→ **Try it**
Pictures stay out of the copy. Transcribe exactly the lines from the line with "藍黑 Buy 【定制球鞋】" through the final line of the records.

[Short web captions]
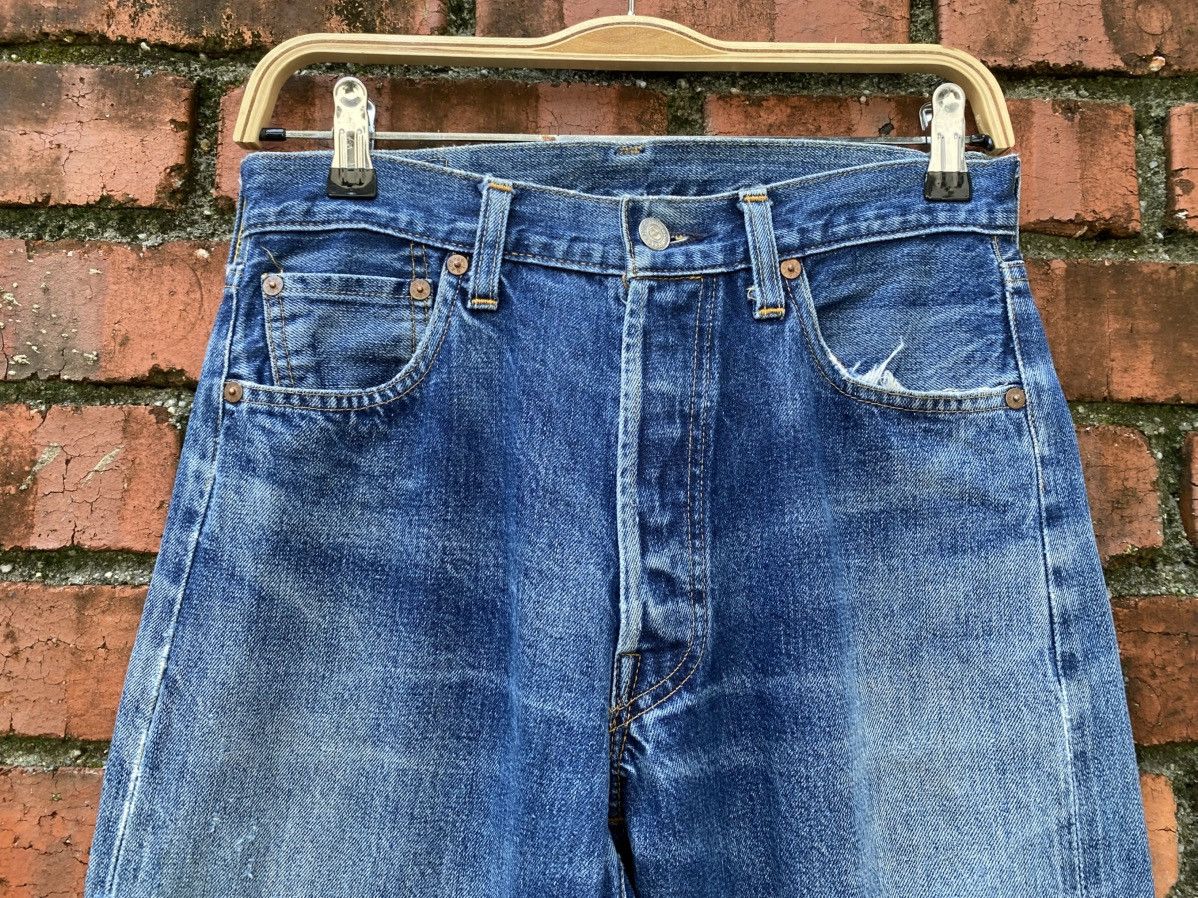 Levi's Vintage Clothing W29x32 Vintage levi's 501xx redline distressed big E Size US 29 - 5 Thumbnail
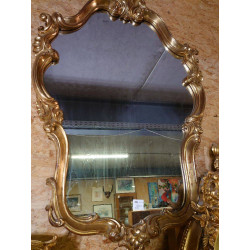MIROIR DORE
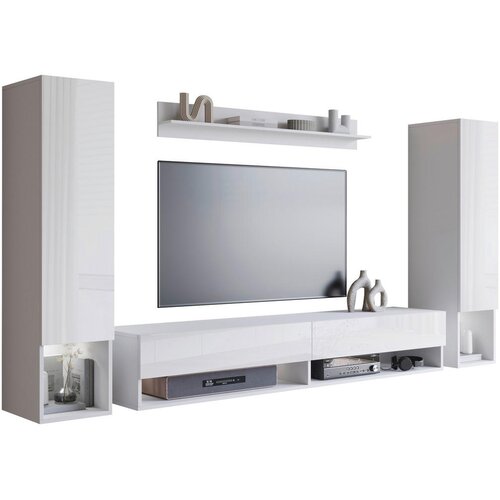 P & B DNEVNI REGAL, bela, bela, visoki sijaj Cene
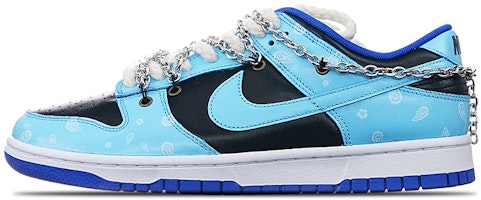 【定制球鞋】 Nike Dunk Low L‘amant 銀鍊藍魄 Vibe定製 解構鞋帶 低幫 板鞋 女款 藍黑 Buy 【定制球鞋】 Nike Dunk Low L‘amant 銀鍊藍魄 Vibe定製 解構鞋帶 低幫 板鞋 女款 藍黑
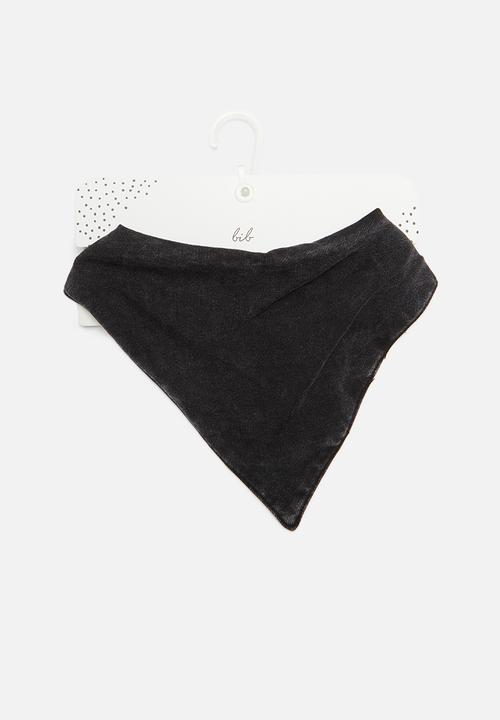 Cotton On - Cody bandana bib - black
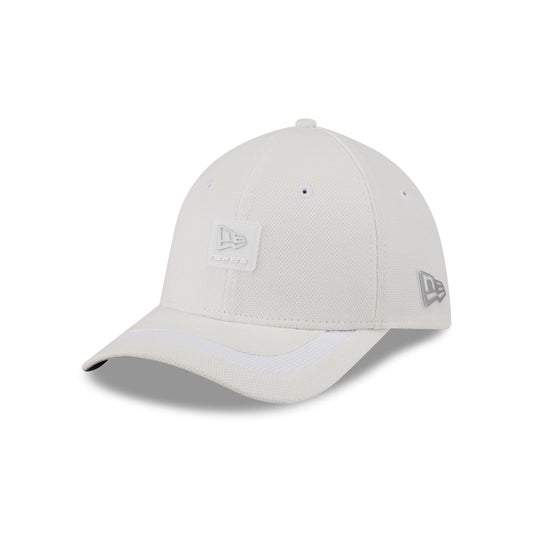 New Era Golf Script White 39THIRTY Stretch Fit Hat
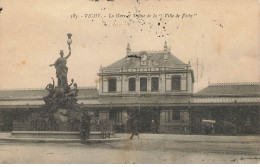 03 VICHY  #SAN47615 LA GARE ET STATUE DE LA VILLE DE VICHY - Vichy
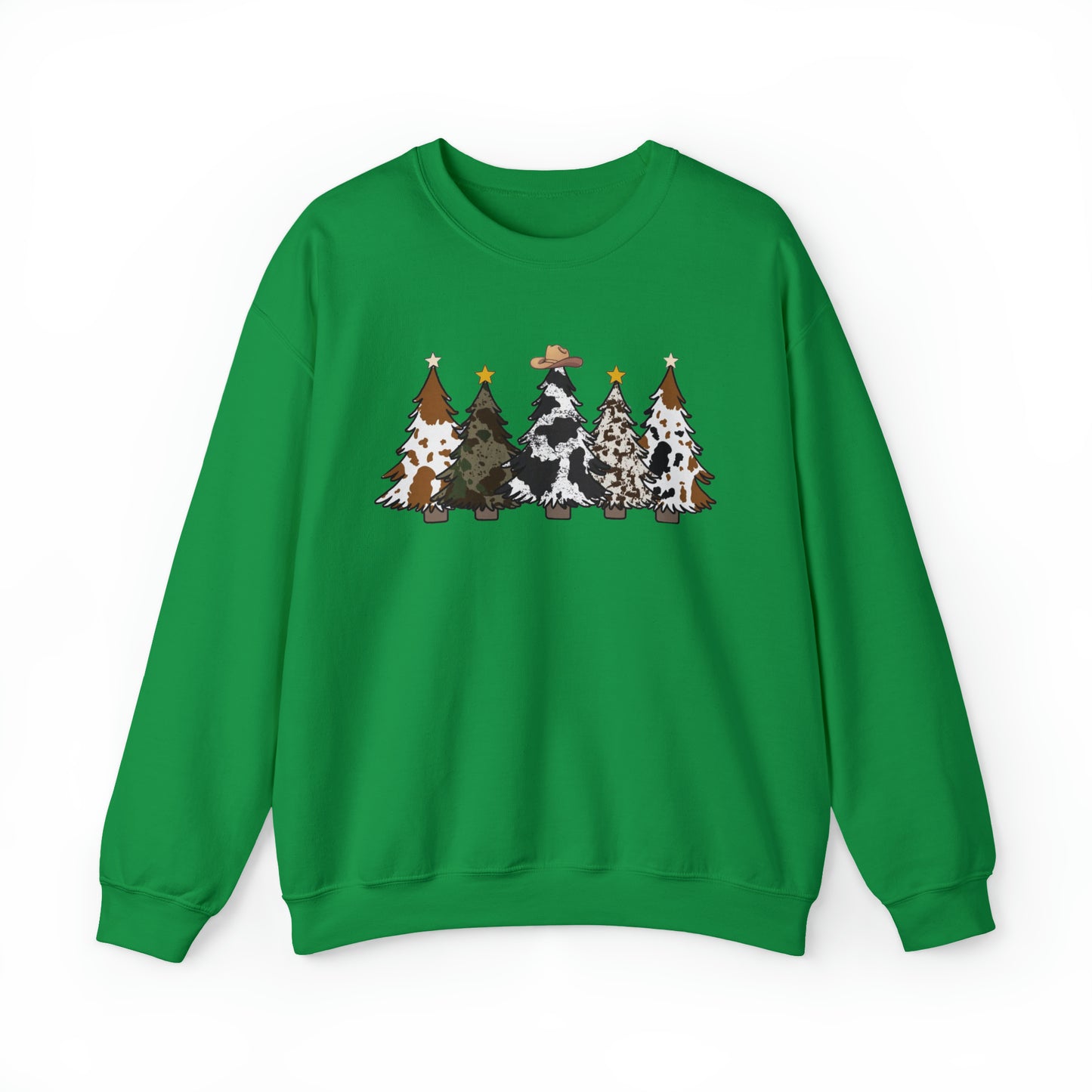 Cowhide Christmas Crewneck Sweatshirt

→ **Result of the exercise**
 【定制球鞋】 Nike Dunk Low L‘amant 銀鍊藍魄 Vibe定製 解構鞋帶 低幫 板鞋 女款 藍黑 Buy 【定制球鞋】 Nike Dunk Low L‘amant 銀鍊藍魄 Vibe定製 解構鞋帶 低幫 板鞋 女款 藍黑
 Cotton On - Cody bandana bib - black
 New Era Golf Script White 39THIRTY Stretch Fit Hat
 03 VICHY  #SAN47615 LA GARE ET STATUE DE LA VILLE DE VICHY - Vichy
 Cowhide Christmas Crewneck Sweatshirt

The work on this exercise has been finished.